| Pictures with short captions |
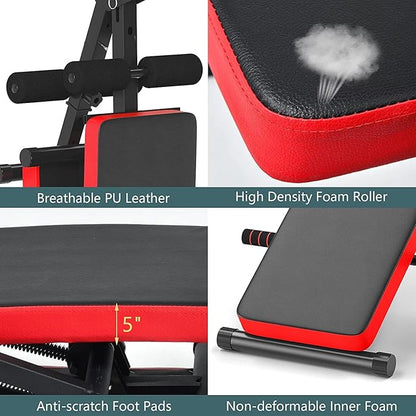 CHEFJOY Multi-function Sit Up Bench 5 Positions,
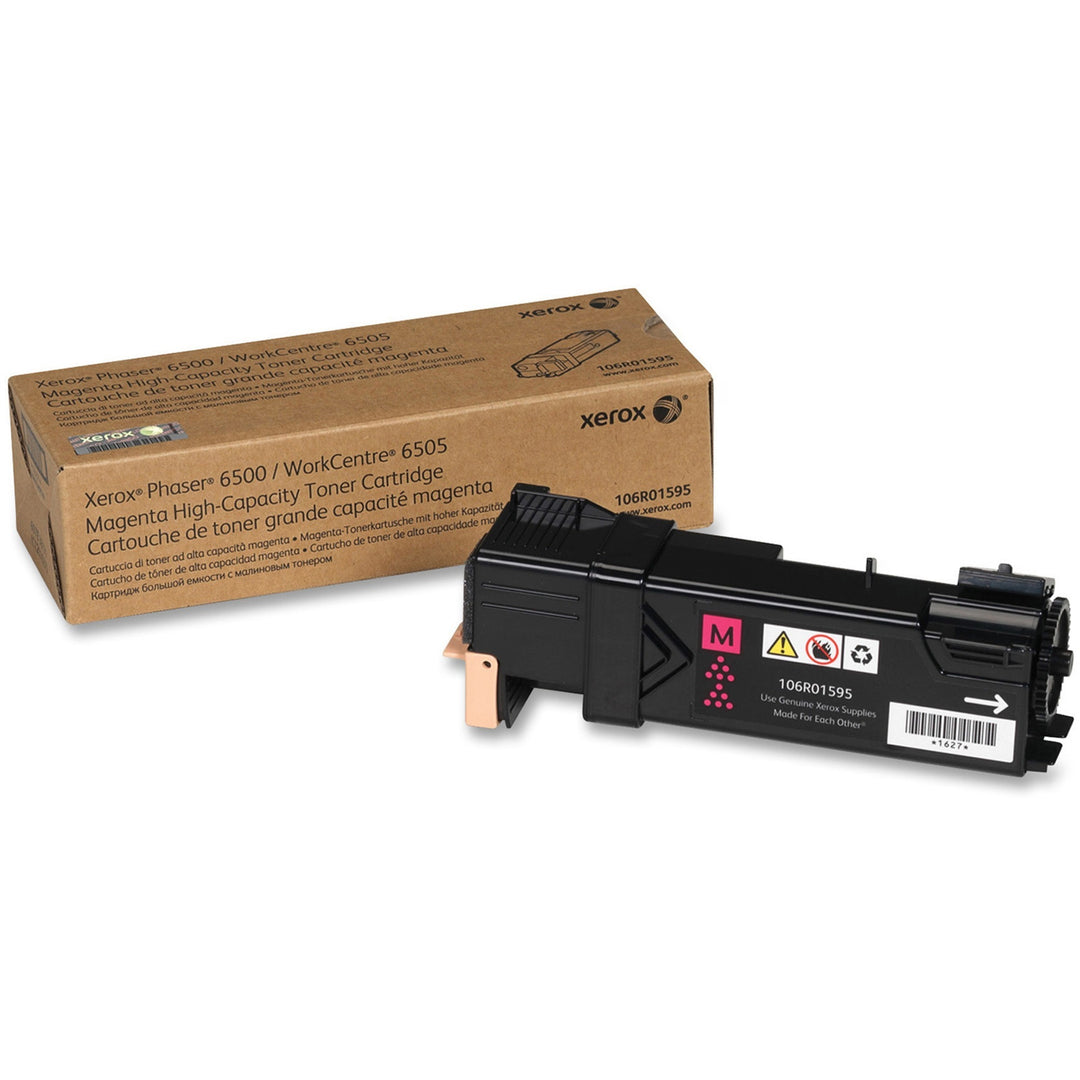 Image of Xerox® 106r01595 High-Yield Toner, 2,500 Page-Yield, Magenta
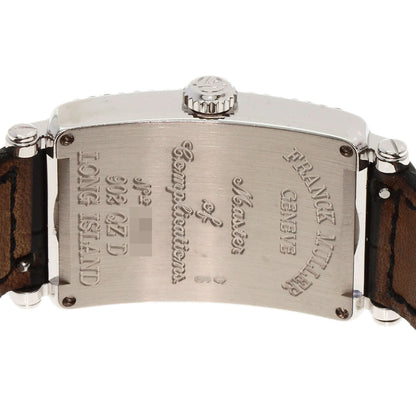 FRANCK MULLER フランクミュラー 902QZD ロングアイランド ベゼルダイヤモンド 腕時計 K18WG レディース 中古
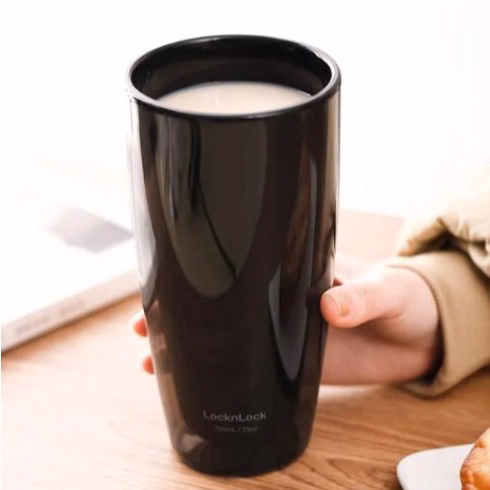 Ly Nhựa Có Ống Hút 750Ml Hap507Blk Đen - Lock&Lock - Ảnh 2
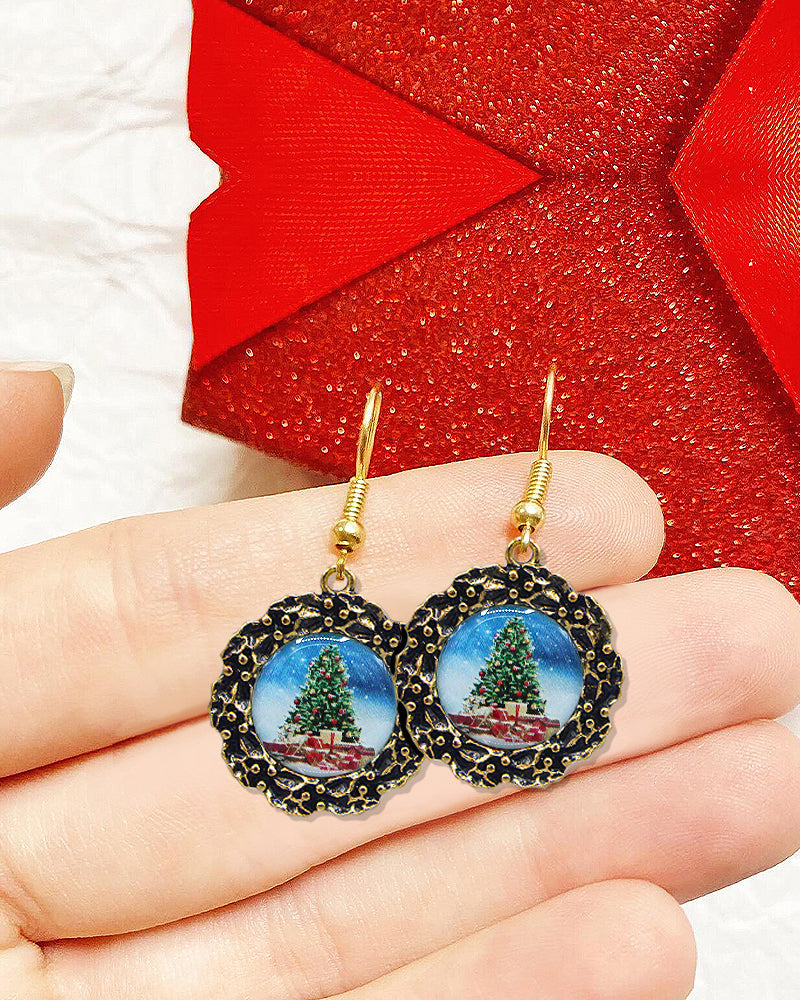 Christmas Theme Bubble Earrings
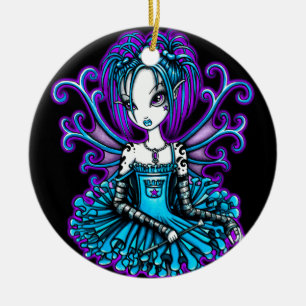 "Piper" Teal TuTu Fairy Art Ornament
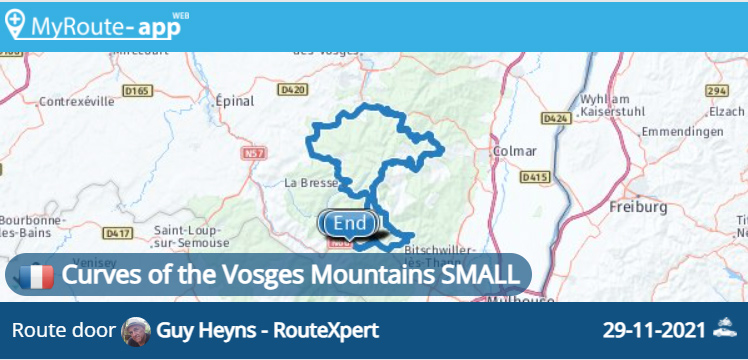 Curves of the Vosges Mountains SMALL (214 km)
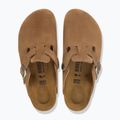 Klapki BIRKENSTOCK Boston Suede Leather Regular dark tea 11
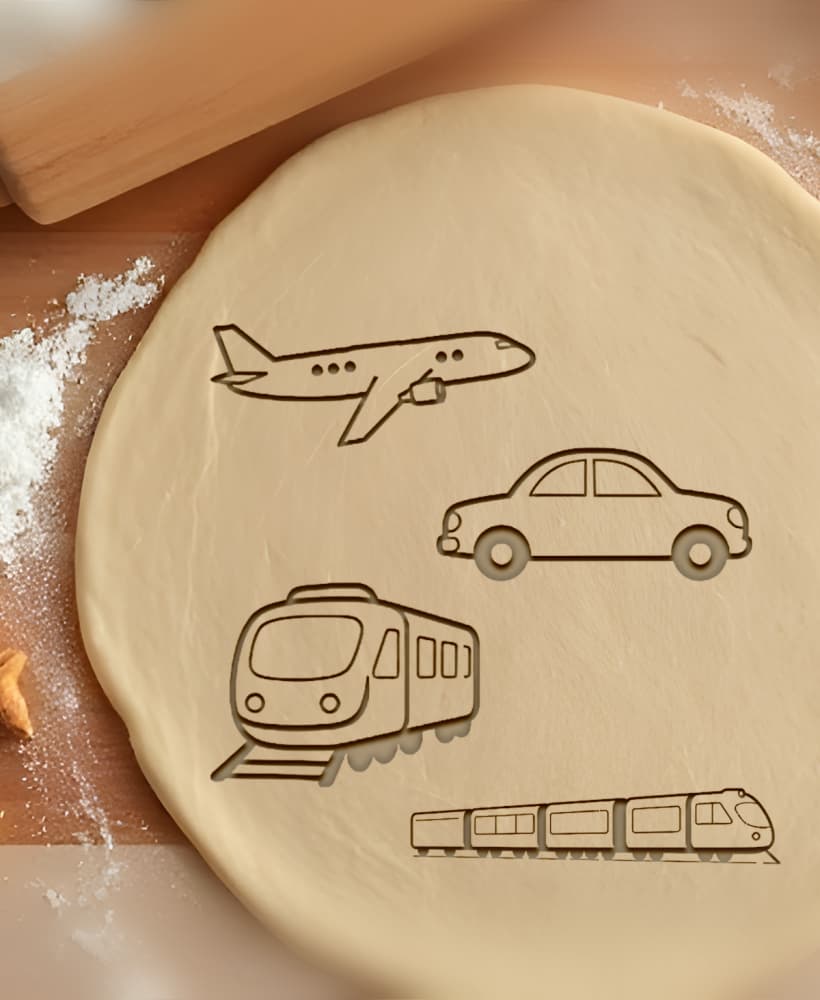 Vehicle Set Cookie Cutter, Biscuit Cutter 3d model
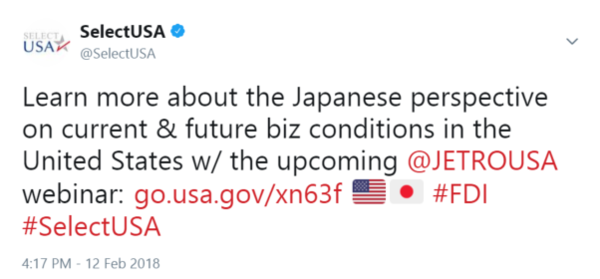 Learn more about the Japanese perspective on current & future biz conditions in the United States w/ the upcoming @JETROUSA webinar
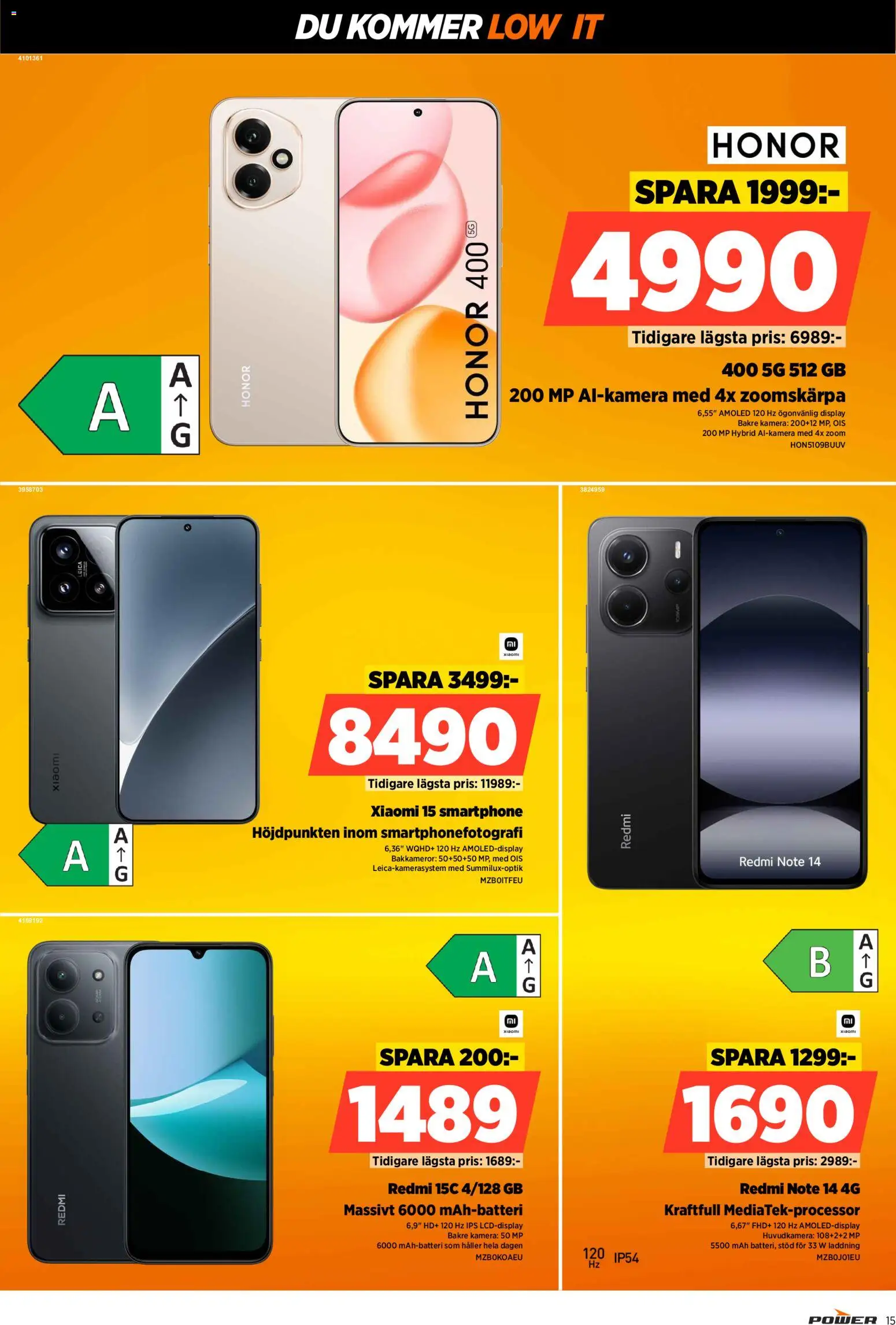 Power reklamblad aktuell från 16.03.2026 | Sida: 15 | Produkter: Smartphone, Kamera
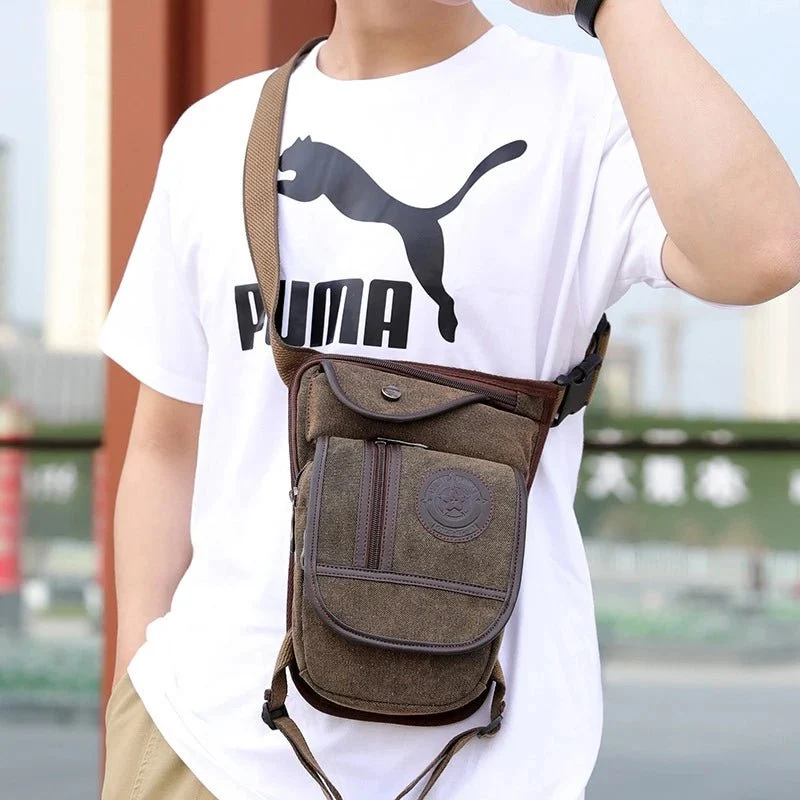 Sac de jambe moto vintage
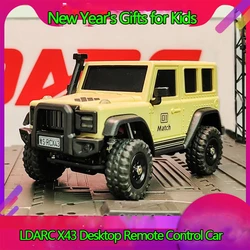 LDARC X43 RTR/BNR 1/43 Crawler RC Car full Time 4WD telecomando Mini veicolo da arrampicata giocattolo desktop off Roader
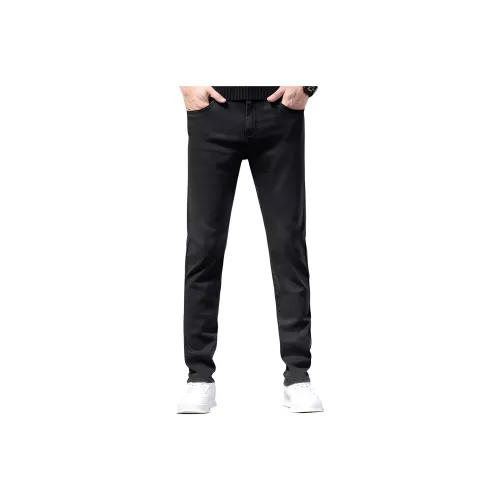 SUNDANCE Мужские черные джинсы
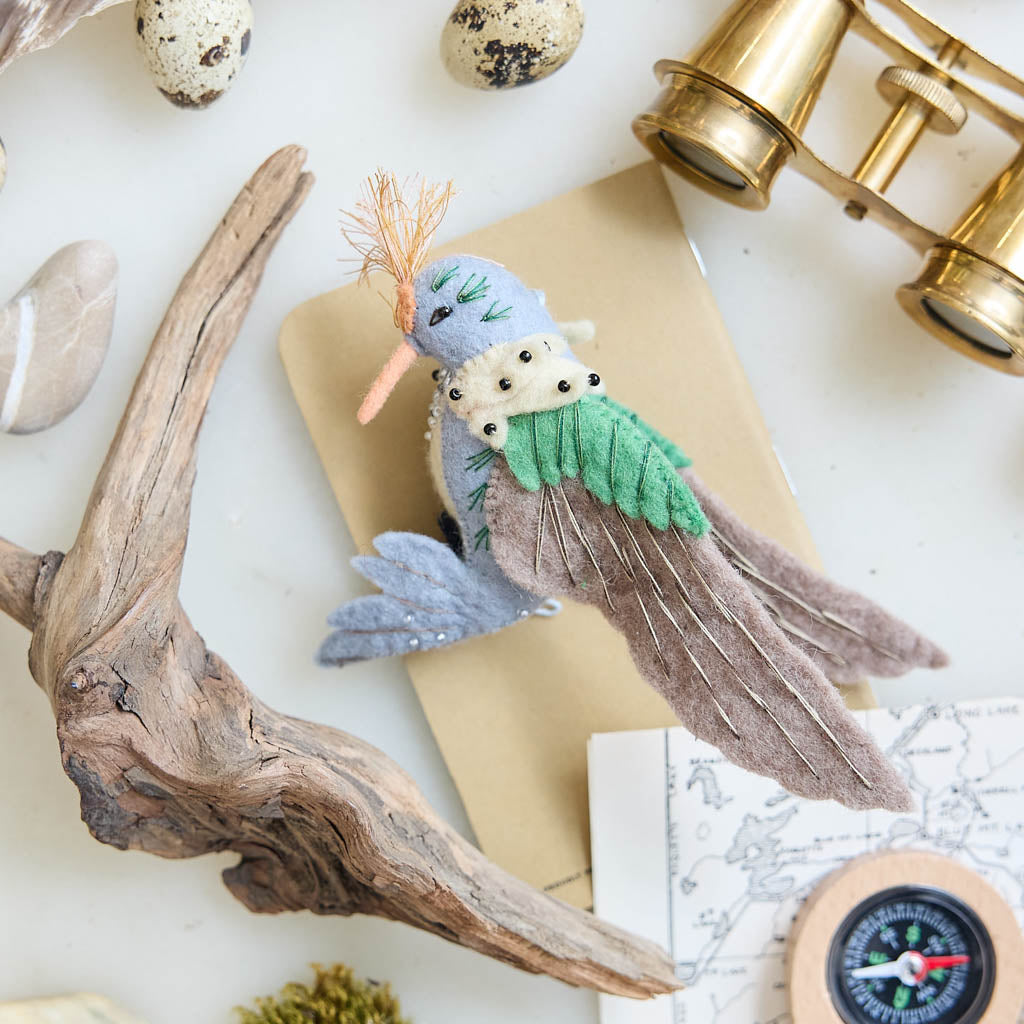 Tufted Coquette Hummingbird Ornament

| What the exercise asks |
Copy exactly the lines from the one containing "Learn more about" to the end of the records, both included, and leave the pictures out.

| Expected answer |
 Learn more about the Japanese perspective on current & future biz conditions in the United States w/ the upcoming @JETROUSA webinar
 Power reklamblad aktuell från 16.03.2026 | Sida: 15 | Produkter: Smartphone, Kamera
 Sac de jambe moto vintage
 LDARC X43 RTR/BNR 1/43 Crawler RC Car full Time 4WD telecomando Mini veicolo da arrampicata giocattolo desktop off Roader
 SUNDANCE Мужские черные джинсы
 Tufted Coquette Hummingbird Ornament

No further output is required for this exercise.